Já o secretário de Justiça, Peter Panutto, explica que são difíceis os casos de prédios, como os citados em razão do processo judicial, que costuma ser demorado. “Muitos se encontram em situação de litígio judicial (débitos tributários, disputas sucessórias, ocupações irregulares). No entanto, a transferência de titularidade desses imóveis não é algo simples, já que nenhum ato expropriatório pode ser levado adiante sem que seja observado o devido processo legal. Assim sendo, é compreensível que todo e qualquer processo de arrecadação, desapropriação ou adjudicação de um imóvel não ocorra com a celeridade almejada”, avalia.
A arquiteta Gabriela Celani, professora e pesquisadora do curso de urbanismo da Universidade Estadual de Campinas (Unicamp), diz que prédios como os citados oferecem diversos prejuízos para a cidade. “Em primeiro lugar, o pavimento térreo desocupado contribui para criar um aspecto de abandono da rua para o pedestre, criando também uma sensação de insegurança e depreciação do entorno. Além disso, um edifício desocupado é um desperdício da infraestrutura urbana existente no local, que custou caro para ser instalada e que custa caro para ser mantida”, explica.
A especialista diz que é possível revitalizar esses edifícios, o que pode ser mais barato e sustentável. “Prédios antigos requerem um grande investimento porque frequentemente eles já não atendem às normas atuais de acessibilidade e de prevenção a incêndios. Mesmo assim, eles representam uma excelente oportunidade, principalmente, se forem bem localizados. Reformar é bem mais barato que demoli-lo e construir um novo”

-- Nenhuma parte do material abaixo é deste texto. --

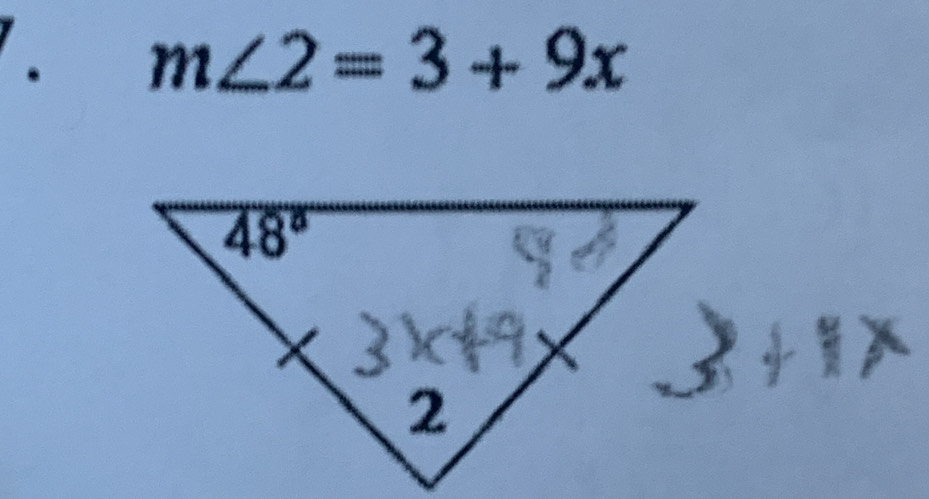 m∠ 2=3+9x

A professora de Arquitetura e Urbanismo da PUC-Campinas, Ana Paula Farah, também avalia a questão como prejuízo. “Do ponto de vista urbanista é um prejuízo como um todo, na dinâmica do território e para a população. A única coisa é que é lucro para os especuladores e para o mercado imobiliário. E é um lucro que vai para poucos”. E completa. "Precisa fazer um grande projeto de requalificação pensando na cidade como um todo. O reuso desses prédios pode ser promovido com um bom diagnóstico, que traga à tona todos os detalhes possíveis, para propor ações”, finaliza.